TextDirectory allows you to combine multiple text files into one. While doing this, filters and transformations can be applied.
Project description
TextDirectory
TextDirectory allows you to combine multiple text files into one aggregated file. TextDirectory also supports matching files for certain criteria and applying transformations to the aggregated text.
TextDirectory can be used as a mere tool (via the CLI) and as a Python library.
Of course, everything TextDirectory does could be achieved in bash or PowerShell. However, there are certain use cases (e.g., when used as a library) in which it might be useful.
Free software: MIT license
Documentation: https://textdirectory.readthedocs.io.
Features
Aggregating multiple text files
Filtering documents/texts based on various parameters such as length, content, and random sampling
Filtering and transforming text files
Transforming the aggregated text (e.g., transforming the text to lowercase)
Version |
Filters |
Transformations |
---|---|---|
0.1.0 |
filter_by_max_chars(n int); filter_by_min_chars(n int); filter_by_max_tokens(n int); filter_by_min_tokens(n int); filter_by_contains(str); filter_by_not_contains(str); filter_by_random_sampling(n int; replace=False) |
transformation_lowercase |
0.1.1 |
filter_by_chars_outliers(n sigmas int) |
transformation_remove_nl |
0.1.2 |
filter_by_filename_contains(contains str) |
transformation_usas_en_semtag; transformation_uppercase; transformation_postag(spacy_model str) |
0.1.3 |
filter_by_similar_documents(reference_file str; threshold float) |
transformation_remove_non_ascii; transformation_remove_non_alphanumerical |
0.2.0 |
filter_by_max_filesize(max_kb int); filter_by_min_filesize(min_kb int) |
transformation_to_leetspeak; transformation_crude_spellchecker(language model str) |
0.2.1 |
None |
transformation_remove_stopwords(stopwords_source str; stopwords str [en]; spacy_model str; custom_stopwords str); transformation_remove_htmltags |
0.3.0 |
None |
transformation_remove_weird_tokens(spaCy model; remove_double_space=False); transformation_lemmatizer(spaCy model) |
0.3.2 |
None |
transformation_expand_english_contractions |
0.3.3 |
filter_by_filenames(filenames list); filter_by_filename_not_contains(not_contains str) |
transformation_eebop4_to_plaintext; transformation_replace_digits(replacement_character str); transformation_ftfy |
Quickstart
Install TextDirectory via pip: pip install textdirectory
TextDirectory, as exemplified below, works with a two-stage model. After loading in your data (directory) you can, by applying filters, iteratively select the files you want to process. In a second step you can perform transformations on the text before finally aggregating it to either a file or memory.
As a Command-Line Tool
TextDirectory comes equipped with a CLI.
The syntax for both the filters and tranformations works similarly.
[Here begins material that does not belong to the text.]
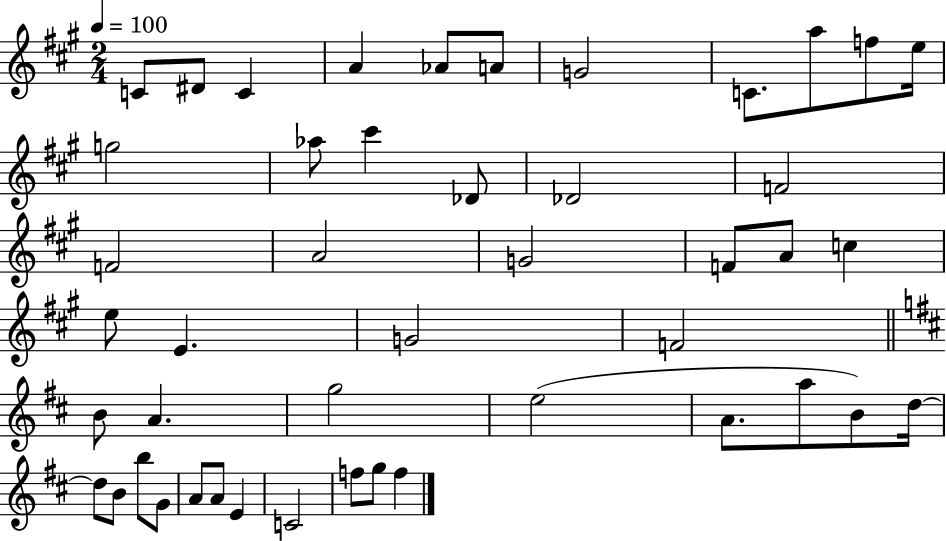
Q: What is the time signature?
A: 2/4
They are chained by adding slashes (/) and parameters are passed via commas (,): filter_by_min_tokens,5/filter_by_random_sampling,2.
Example 1: A Very Simple Aggregation
textdirectory --directory testdata --output_file aggregated.txt
This will take all files (.txt) in testdata and then aggregates the files into a file called aggregated.txt.
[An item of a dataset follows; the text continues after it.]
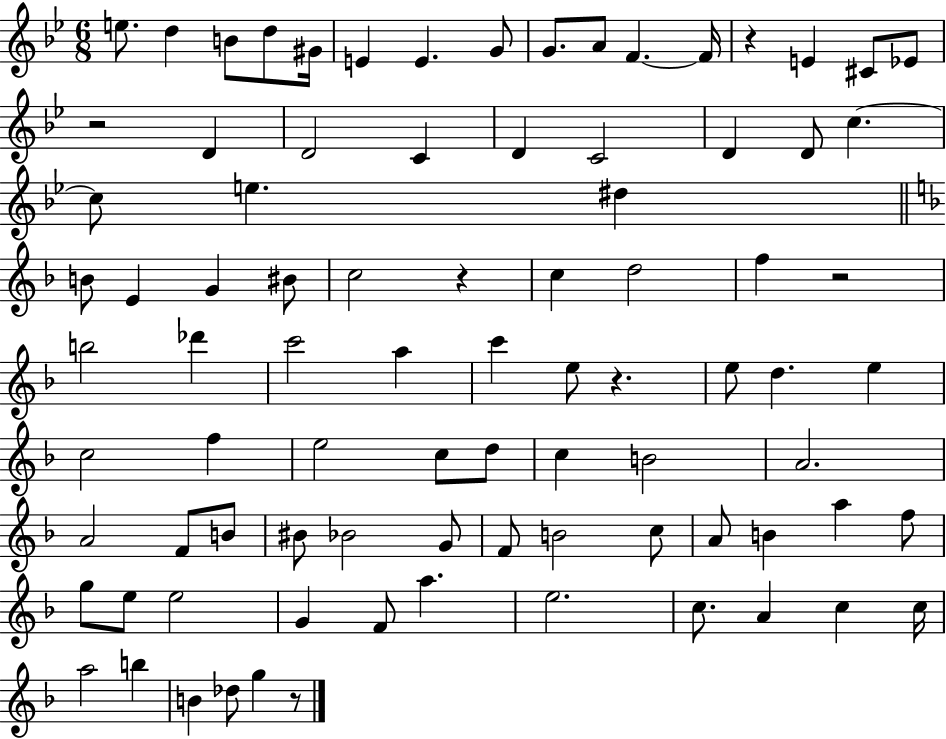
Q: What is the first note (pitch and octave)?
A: E5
You could also use ‘*’ as a wildcard for filetype if you need to include all files and not just .txt.
textdirectory --directory testdata --output_file aggregated.txt --filetype *
Example 2: Applying Filters and Transformations
In this example, we want to filter the files based on their token count, perform a random sampling and finally transform all text to lowercase.
textdirectory --directory testdata --output_file aggregated.txt --filters filter_by_min_tokens,5/filter_by_random_sampling,2 --transformations transformation_lowercase
After passing two filters (filter_by_min_tokens and filter_by_random_sampling) we’ve applied the transform_lowercase transformation.
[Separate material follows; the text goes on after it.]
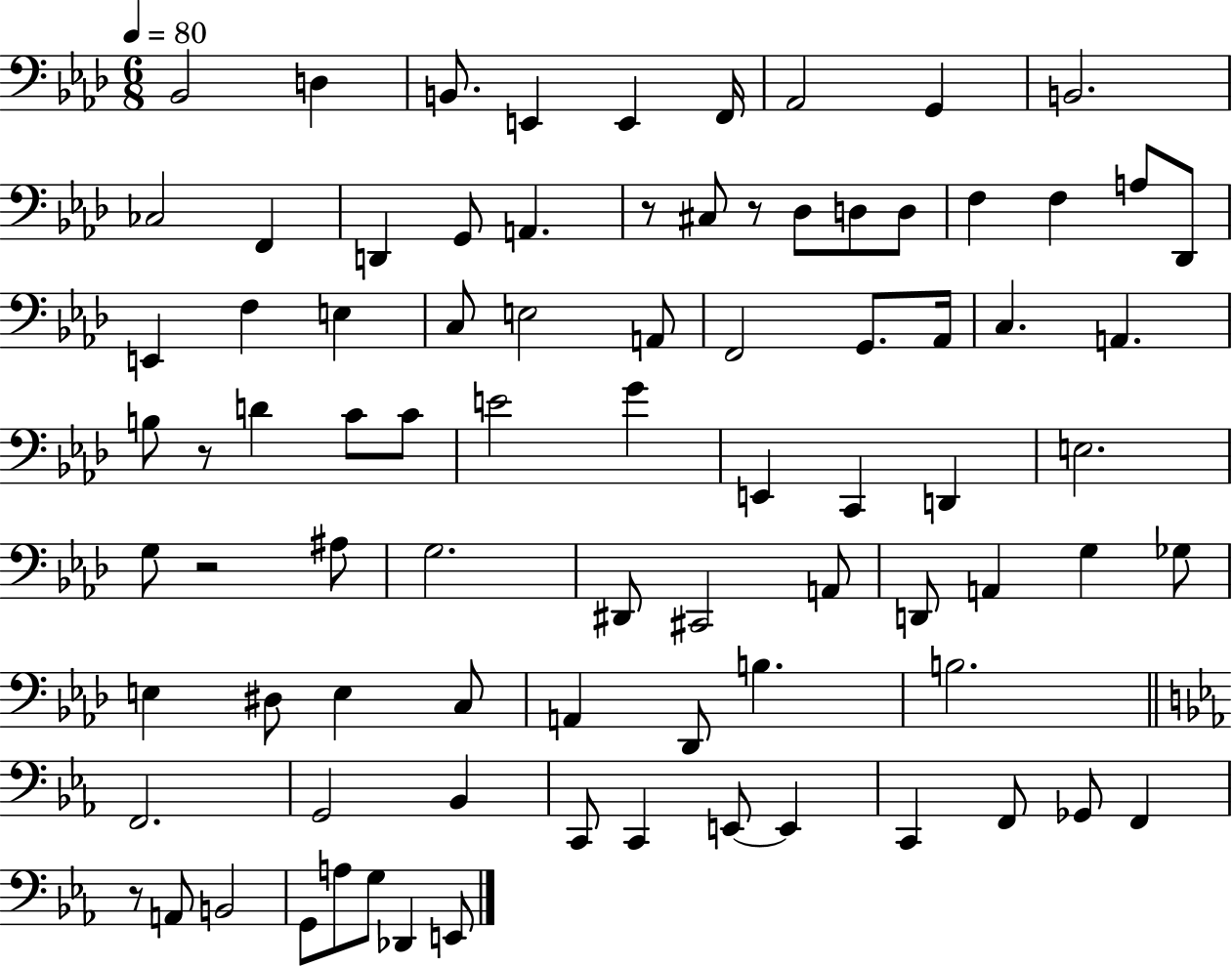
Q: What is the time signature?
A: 6/8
The resulting file will contain the content of two files that each have at least five tokens.
As a Python Library
In order to demonstrate TextDirectory as a Python library, we’ll recreate the second example from above:
import textdirectory
td = textdirectory.TextDirectory(directory='testdata')
td.load_files(recursive=False, filetype='txt', sort=True)
td.filter_by_min_tokens(5)
td.filter_by_random_sampling(2)
td.stage_transformation(['transformation_lowercase'])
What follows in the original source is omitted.